- **Problem**
Output the opening lines of the records exactly. End with the line that contains "For iPhone 14".

Brief descriptive captions
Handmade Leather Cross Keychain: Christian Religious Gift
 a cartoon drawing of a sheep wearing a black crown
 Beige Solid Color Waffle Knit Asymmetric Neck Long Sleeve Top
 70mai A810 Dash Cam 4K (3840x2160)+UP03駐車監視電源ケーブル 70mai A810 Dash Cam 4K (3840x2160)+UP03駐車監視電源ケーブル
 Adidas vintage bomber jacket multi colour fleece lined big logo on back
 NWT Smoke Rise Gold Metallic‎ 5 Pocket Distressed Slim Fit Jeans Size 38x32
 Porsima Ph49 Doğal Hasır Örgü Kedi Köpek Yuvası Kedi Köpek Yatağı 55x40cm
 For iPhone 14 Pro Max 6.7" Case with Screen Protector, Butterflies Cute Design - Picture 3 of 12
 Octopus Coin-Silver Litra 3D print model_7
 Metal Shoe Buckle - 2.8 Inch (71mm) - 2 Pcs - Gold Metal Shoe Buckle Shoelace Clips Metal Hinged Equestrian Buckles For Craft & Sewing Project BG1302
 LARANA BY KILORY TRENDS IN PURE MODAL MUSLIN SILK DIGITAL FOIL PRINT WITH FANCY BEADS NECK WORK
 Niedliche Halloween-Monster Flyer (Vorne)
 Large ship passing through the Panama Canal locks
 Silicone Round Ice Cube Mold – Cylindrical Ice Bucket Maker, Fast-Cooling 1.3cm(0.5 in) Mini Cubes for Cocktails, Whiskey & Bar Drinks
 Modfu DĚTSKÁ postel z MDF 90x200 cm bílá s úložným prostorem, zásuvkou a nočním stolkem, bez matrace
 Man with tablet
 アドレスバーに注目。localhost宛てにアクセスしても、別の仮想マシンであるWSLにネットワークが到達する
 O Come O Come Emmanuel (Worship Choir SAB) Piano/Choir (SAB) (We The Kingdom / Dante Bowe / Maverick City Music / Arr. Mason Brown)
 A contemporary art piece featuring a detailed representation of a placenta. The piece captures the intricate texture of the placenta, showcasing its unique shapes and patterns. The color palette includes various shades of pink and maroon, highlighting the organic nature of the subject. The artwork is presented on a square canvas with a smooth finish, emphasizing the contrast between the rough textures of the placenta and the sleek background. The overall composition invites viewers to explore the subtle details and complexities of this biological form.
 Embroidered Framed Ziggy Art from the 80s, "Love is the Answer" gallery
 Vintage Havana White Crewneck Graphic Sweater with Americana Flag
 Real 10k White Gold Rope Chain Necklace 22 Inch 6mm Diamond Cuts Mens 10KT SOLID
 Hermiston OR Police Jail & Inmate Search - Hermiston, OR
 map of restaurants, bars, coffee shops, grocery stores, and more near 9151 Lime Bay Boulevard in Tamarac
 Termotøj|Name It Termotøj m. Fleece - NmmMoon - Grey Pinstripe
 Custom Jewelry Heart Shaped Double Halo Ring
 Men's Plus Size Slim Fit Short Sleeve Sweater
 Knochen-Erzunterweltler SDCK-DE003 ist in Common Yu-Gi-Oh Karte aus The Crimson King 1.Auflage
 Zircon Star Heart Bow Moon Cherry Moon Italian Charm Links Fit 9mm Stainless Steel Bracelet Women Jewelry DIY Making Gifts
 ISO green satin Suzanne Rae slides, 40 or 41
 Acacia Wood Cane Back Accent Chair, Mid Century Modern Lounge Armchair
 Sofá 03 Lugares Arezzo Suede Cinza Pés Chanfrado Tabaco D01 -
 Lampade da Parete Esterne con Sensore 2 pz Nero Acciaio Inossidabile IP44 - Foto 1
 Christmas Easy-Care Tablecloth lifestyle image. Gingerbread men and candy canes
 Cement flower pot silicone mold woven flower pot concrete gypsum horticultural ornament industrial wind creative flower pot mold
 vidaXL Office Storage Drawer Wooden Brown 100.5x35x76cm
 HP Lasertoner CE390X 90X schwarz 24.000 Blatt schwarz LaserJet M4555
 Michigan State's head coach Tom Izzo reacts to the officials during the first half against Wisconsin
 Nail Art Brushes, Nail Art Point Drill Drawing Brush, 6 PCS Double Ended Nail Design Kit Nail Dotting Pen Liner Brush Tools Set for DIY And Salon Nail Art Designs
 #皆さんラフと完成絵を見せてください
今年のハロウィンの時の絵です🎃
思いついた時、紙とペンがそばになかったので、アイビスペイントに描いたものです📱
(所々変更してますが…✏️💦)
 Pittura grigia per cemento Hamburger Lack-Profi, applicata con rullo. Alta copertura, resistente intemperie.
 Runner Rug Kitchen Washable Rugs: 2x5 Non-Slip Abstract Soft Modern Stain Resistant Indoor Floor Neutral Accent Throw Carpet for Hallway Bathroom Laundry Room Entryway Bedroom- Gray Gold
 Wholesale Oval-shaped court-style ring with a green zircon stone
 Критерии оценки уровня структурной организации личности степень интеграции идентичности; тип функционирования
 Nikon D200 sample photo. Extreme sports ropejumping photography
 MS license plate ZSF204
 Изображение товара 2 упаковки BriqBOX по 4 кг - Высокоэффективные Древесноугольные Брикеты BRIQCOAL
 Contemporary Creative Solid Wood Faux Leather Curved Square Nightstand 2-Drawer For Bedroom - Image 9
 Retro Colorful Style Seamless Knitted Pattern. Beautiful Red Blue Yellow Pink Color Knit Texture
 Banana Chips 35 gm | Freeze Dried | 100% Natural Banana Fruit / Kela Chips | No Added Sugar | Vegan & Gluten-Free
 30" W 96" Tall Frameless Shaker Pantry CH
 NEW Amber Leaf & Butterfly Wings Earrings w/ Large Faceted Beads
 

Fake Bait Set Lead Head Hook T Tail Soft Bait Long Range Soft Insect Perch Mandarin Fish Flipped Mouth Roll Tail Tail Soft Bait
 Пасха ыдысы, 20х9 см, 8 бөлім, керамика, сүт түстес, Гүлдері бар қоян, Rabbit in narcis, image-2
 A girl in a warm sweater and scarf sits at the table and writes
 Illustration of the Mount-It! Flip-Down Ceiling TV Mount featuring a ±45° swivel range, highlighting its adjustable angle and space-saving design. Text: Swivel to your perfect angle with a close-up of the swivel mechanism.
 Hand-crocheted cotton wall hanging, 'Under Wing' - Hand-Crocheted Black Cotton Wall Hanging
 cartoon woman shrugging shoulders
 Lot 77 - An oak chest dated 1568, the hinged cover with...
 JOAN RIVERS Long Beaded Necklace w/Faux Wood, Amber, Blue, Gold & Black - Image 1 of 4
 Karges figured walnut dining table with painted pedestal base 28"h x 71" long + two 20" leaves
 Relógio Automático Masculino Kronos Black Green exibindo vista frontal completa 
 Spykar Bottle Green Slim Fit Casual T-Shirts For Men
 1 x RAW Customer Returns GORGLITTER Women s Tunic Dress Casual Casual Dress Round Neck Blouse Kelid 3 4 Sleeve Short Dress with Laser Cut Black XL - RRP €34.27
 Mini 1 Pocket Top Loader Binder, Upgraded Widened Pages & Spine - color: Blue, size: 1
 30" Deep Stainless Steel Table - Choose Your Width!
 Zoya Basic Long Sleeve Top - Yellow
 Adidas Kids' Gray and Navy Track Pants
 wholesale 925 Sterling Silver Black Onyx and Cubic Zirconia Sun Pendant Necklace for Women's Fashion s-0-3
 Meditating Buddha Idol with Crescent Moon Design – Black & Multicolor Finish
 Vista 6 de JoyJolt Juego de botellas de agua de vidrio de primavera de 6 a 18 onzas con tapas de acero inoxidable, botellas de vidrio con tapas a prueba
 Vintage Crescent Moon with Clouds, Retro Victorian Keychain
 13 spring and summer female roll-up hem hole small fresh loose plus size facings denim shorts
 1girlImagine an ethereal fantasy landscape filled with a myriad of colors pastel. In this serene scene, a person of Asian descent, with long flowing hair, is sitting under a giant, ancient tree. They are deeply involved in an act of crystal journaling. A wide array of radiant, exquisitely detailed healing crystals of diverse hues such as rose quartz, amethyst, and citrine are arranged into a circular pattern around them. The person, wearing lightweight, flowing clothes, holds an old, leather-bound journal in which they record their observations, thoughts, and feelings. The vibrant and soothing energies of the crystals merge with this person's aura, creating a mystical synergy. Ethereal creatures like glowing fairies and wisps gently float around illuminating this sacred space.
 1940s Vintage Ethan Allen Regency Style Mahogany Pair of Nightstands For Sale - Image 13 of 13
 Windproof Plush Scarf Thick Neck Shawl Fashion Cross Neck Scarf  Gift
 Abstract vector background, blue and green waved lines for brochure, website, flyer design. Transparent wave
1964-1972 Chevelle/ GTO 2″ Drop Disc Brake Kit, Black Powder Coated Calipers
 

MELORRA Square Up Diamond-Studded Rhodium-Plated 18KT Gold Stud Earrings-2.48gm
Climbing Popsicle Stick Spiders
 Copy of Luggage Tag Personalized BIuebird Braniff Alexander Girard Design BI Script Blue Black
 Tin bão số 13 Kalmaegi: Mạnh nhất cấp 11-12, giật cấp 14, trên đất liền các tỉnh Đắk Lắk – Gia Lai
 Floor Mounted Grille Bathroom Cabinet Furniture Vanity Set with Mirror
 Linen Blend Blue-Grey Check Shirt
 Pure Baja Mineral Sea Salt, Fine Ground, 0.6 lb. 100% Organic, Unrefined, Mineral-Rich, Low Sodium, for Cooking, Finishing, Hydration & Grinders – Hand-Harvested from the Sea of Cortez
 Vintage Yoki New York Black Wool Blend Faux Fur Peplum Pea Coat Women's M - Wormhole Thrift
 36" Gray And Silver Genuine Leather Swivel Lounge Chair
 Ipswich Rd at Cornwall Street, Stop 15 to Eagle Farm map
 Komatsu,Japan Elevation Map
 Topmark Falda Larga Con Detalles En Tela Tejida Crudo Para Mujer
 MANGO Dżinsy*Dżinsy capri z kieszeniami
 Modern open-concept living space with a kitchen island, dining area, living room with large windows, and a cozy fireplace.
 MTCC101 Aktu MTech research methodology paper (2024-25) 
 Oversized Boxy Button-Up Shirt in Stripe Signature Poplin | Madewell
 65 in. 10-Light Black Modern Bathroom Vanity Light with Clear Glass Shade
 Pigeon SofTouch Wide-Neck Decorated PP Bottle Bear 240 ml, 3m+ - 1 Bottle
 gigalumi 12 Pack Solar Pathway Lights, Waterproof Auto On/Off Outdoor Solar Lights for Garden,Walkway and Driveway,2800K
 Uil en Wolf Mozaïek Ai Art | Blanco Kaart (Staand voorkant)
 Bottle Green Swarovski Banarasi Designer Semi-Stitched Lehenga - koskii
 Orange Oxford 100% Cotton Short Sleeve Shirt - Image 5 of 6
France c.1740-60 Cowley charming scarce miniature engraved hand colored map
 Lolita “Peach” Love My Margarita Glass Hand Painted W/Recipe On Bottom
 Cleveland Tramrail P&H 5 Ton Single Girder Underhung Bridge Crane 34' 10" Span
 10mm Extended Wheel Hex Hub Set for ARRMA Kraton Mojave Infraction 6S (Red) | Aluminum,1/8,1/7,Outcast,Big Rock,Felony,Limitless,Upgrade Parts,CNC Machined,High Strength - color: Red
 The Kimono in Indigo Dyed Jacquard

- **Reply to the exercise**
Handmade Leather Cross Keychain: Christian Religious Gift
 a cartoon drawing of a sheep wearing a black crown
 Beige Solid Color Waffle Knit Asymmetric Neck Long Sleeve Top
 70mai A810 Dash Cam 4K (3840x2160)+UP03駐車監視電源ケーブル 70mai A810 Dash Cam 4K (3840x2160)+UP03駐車監視電源ケーブル
 Adidas vintage bomber jacket multi colour fleece lined big logo on back
 NWT Smoke Rise Gold Metallic‎ 5 Pocket Distressed Slim Fit Jeans Size 38x32
 Porsima Ph49 Doğal Hasır Örgü Kedi Köpek Yuvası Kedi Köpek Yatağı 55x40cm
 For iPhone 14 Pro Max 6.7" Case with Screen Protector, Butterflies Cute Design - Picture 3 of 12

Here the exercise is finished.